Compressing Text-Based Tables

For legacy systems using text files:

SET mapreduce.output.fileoutputformat.compress=true;
SET mapreduce.output.fileoutputformat.compress.codec=org.apache.hadoop.io.compress.GzipCodec;

Then create the table and insert:

CREATE TABLE raw_logs (
line STRING
)
ROW FORMAT DELIMITED
FIELDS TERMINATED BY '\t'
STORED AS TEXTFILE;

Use compressed inserts during ETL.


Compressing Output from Hive Queries

Enable compression for Hive query results (e.g., when writing to HDFS or exporting):

SET hive.exec.compress.output=true;
SET mapreduce.output.fileoutputformat.compress=true;
SET mapreduce.output.fileoutputformat.compress.codec=org.apache.hadoop.io.compress.SnappyCodec;

To write compressed results into another table:

INSERT OVERWRITE TABLE compressed_sales
SELECT * FROM sales;

Ensure target table format supports compression.

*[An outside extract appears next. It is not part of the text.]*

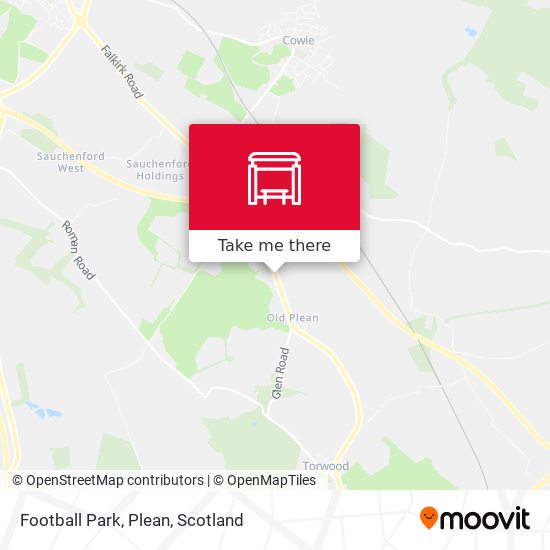 Football Park, Plean map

Compression and Performance Trade-offs

Codec Compression Ratio Compression Speed Decompression Speed Use Case
Snappy Medium Very Fast Very Fast Interactive queries, ETL
Zlib High Slow Medium Archival, batch workloads
Gzip High Slow Slow Legacy tools, export
Bzip2 Very High Very Slow Slow Rarely used

Use Snappy for performance, Zlib for space efficiency, and avoid Bzip2 for most scenarios.

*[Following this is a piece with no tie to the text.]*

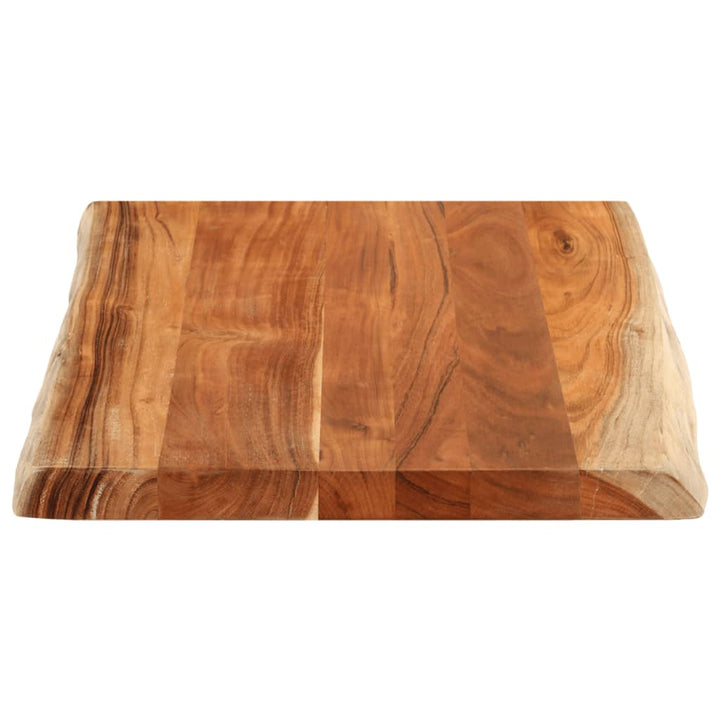 bordplade 70x60x3,8 cm rektangulær massivt akacietræ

Best Practices for Hive Compression

  • Use ORC or Parquet formats instead of Text or CSV
  • Prefer Snappy for performance and Zlib for compact storage
  • Set compression settings globally in hive-site.xml or dynamically per table
  • Use vectorized reads for ORC and Parquet tables
  • Combine compression with partitioning and bucketing for optimal performance
  • Periodically run compaction to avoid small files in transactional tables

Conclusion

Data compression in Hive is a powerful tool for managing large datasets efficiently. Whether you’re storing logs, transactions, or aggregated metrics, using the right file format and compression codec can greatly reduce your storage costs and speed up analytics.

By following best practices and understanding the trade-offs, you can design a Hive-based data warehouse that is both cost-effective and high-performing.